『いねむり先生』(伊集院静/集英社)から続く“本の道”に導かれて、20代の頃以来約30年振りの色川武大(阿佐田哲也)である。
幻視、幻聴、幻覚。とてつもないものを見て、聞いている人がいる。確か昔、狂人は自分が狂っていることを知らない、というような話を聞いたことがあるが、この中に出てくる狂人は自分の狂いを知っている。次にどんなものが見えてくるか、聞こえてくるか、出てくるか、よくわかっている。自分の体から死人の体が生えて来て、それが既に傷ついたりしている。そんなことも見えたりするのだ。僕は心配になって、ちょっとそれに近い絵を描くアーティストに訊ねてみたが、そういうものは見ないと言っていた。

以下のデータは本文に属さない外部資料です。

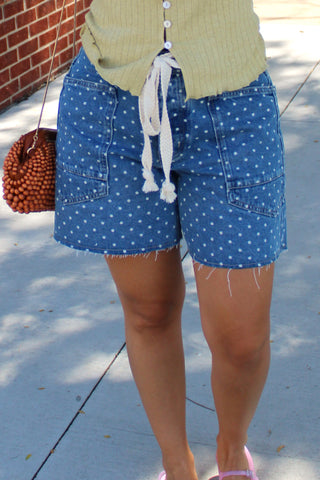 Women's blue polka dot denim barrel shorts with oversized utility pockets and a rope drawstring waistband.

「小便のように涙が流れる。」そういう記述がある。涙がどっと溢れるのではなく、同じ勢いでずっと出るということか。そういうことよりも、その排泄にまつわる快感のことも含めての表現であるようだ。「半覚半睡」という言葉も出てくる。そうするとどこまでが夢でどこまでが現実なのか、わからなくなるのではないか。考えてみると、それがかなり怖い。

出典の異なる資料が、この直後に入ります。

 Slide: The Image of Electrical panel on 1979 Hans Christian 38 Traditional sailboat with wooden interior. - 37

色川武大は通常の人とは違う。狂人であるあるいは狂人のようであると同時に、書くことや打つこと(麻雀)に関するとてつもない才能を持っている。そして作家やミュージシャンやイラストレーターという人たちを惹き付ける魅力の持ち主である。天才と狂人は紙一重。どこへ続くかわからない“本の道”は、『奇跡の脳の物語 ―キング・オブ・サヴァンと驚異の復活脳』(茂木健一郎/廣済堂新書)へと進む。